Lucille Stoddard worked for more than 30 years at Utah Valley. She served in a variety of capacities including, the chair of the business department, dean of the business school, academic vice president, and interim president. She served her first term as interim president in 1987-1988 following the presidency of J. Marvin Higbee. Stoddard later served as interim president a second time in 2002-2003, before becoming the associate commissioner of the Utah System of Higher Education. Her husband, Frank Ferguson, is an architect, who along with Bruce Jensen and others was responsible for the original Orem campus design.

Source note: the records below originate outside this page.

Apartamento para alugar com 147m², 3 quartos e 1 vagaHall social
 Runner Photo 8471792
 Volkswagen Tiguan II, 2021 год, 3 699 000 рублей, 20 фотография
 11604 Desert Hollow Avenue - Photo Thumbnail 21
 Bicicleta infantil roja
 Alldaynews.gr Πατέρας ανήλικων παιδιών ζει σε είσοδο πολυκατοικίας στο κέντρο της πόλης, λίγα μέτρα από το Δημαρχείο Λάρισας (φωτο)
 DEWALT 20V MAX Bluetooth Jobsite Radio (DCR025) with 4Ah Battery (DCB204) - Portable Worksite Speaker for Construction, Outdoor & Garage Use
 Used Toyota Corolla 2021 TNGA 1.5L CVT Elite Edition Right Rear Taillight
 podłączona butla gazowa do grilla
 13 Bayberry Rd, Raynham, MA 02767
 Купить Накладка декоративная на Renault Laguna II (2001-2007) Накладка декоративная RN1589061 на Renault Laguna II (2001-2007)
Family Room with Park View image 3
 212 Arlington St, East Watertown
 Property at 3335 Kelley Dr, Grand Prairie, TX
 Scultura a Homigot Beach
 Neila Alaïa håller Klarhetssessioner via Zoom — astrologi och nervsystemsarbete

Kerry Romesburg served as the 4th president of Utah Valley State College from 1988-2002. During his 14 year presidency, the college changed its mission from a two-year community college to a four-year state college, student enrollment skyrocketed from 8,700 to more than 20,000, and the college's endowment increased from $280,000 to more than $41 million. Kerry is currently the president of Jacksonville University in Florida. He and his wife Judy have two grown sons.
J. Marvin Higbee, formerly the president of Snow College, became Utah Valley's third president. President Higbee expanded the college curriculum during his tenure and oversaw the difficult transition from an institute (Utah Technical Iinstitute) to a community college (Utah Valley Community College) in 1987. Also in 1987, an Associate of Arts degree was formalized through his efforts. He saw the need in the community for a college that would not only meet the needs of the trades but would also expand into the liberal arts and more technical fields.
Wilson Sorensen served as acting director and as president of Central Utah Vocational School (CUVS), Utah Trade Technical Institute (UTTI), and Utah Technical College (UTC). He was instrumental in moving the school from the Fairgrounds campus to the Provo campus and then to the Orem campus. His main interest was in providing classes to train individuals for the job market, especially in technical areas. It was his determination and tireless efforts that brought about the miracle in Utah Valley that is now Utah Valley University. Lucille Stoddard, interim president in 1987-1988 and 2002-2003, later said of him, "if there was one word to describe Wilson, it would be visionary." He was at Utah Valley from the beginning in 1941 and stayed until he retired in 1982 for a total of 41 years of exemplary service.
Hyrum Johnson, a native of Utah Valley, taught industrial arts classes in Spanish Fork and Pleasant Grove before becoming the first "director" of the institution. He was a highly respected craftsman and teacher. His enthusiasm and dedication to vocational education and his "never-say-die" attitude were instrumental in getting the Central Utah Vocational School started. However, the pressures and problems that occurred during the war production training years were a great burden to Hyrum and this caused his health to deteriorate. He went on paid leave in 1944. In his place, Lorenzo E. Peterson served for a short while as the Acting Director but he, too, left the school, leaving Wilson Sorenson, the treasurer and purchasing agent, to take over in his place.